This recipe was contributed by Dorothy, a wonderful market customer a
good friend, and an excellent cook! For this dish, fresh sweet long peppers are stuffed with cheese and riced cauliflower is added for texture. The star spice for these stuffed peppers is Ras El Hanout, which goes so well with the cheese and cauliflower. It makes an excellent side dish or light meal with extraordinary flavors.
Ingredients:
2 Fresh Sweet (Long) Peppers, cut in half lengthwise, and deseeded
1 cup Whipped Cream Cheese
1/2 cup Riced Cauliflower, cooked and cooled
1 cup Shredded Sharp Cheddar Cheese, divided 2 tsp Ras El Hanout
1 1/2 Tblspns Freeze Dried Chives
1 tsp Garlic Granules
1/2 tsp salt
1/8 tsp pepper
Directions:
Preheat oven to 350 degrees. Soften the peppers by cooking them (all 4 halves cooked at the same time) in the microwave oven for about 2 minutes. Line a small cookie sheet with aluminum foil.
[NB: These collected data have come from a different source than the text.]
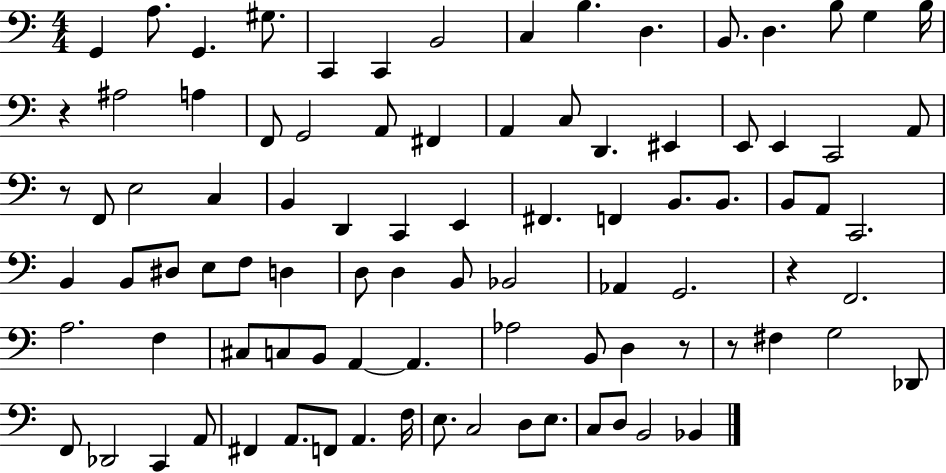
{
  \clef bass
  \numericTimeSignature
  \time 4/4
  \key c \major
  g,4 a8. g,4. gis8. | c,4 c,4 b,2 | c4 b4. d4. | b,8. d4. b8 g4 b16 | \break r4 ais2 a4 | f,8 g,2 a,8 fis,4 | a,4 c8 d,4. eis,4 | e,8 e,4 c,2 a,8 | \break r8 f,8 e2 c4 | b,4 d,4 c,4 e,4 | fis,4. f,4 b,8. b,8. | b,8 a,8 c,2. | \break b,4 b,8 dis8 e8 f8 d4 | d8 d4 b,8 bes,2 | aes,4 g,2. | r4 f,2. | \break a2. f4 | cis8 c8 b,8 a,4~~ a,4. | aes2 b,8 d4 r8 | r8 fis4 g2 des,8 | \break f,8 des,2 c,4 a,8 | fis,4 a,8. f,8 a,4. f16 | e8. c2 d8 e8. | c8 d8 b,2 bes,4 | \break \bar "|."
}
In a mixing bowl, combine the cream cheese, cauliflower, 1/2 cup of the cheddar cheese, Ras El Hanout, 1 Tblspn of the Chives, Garlic Granules, salt and pepper. Mix until fully combined. Fill the insides of the 4 cooked pepper halves with the cheese mixture. Place the filled pepper halves onto the lined cookie sheet. Bake the stuffed peppers for 20 minutes in the preheated oven. Remove the peppers from the oven and sprinkle the tops with the reserved 1/2 cup of shredded cheese. Return the peppers to the oven for about 5 minutes or until the cheese is just melted. Remove from the oven, sprinkle
the tops of each pepper with the reserved chives, and serve.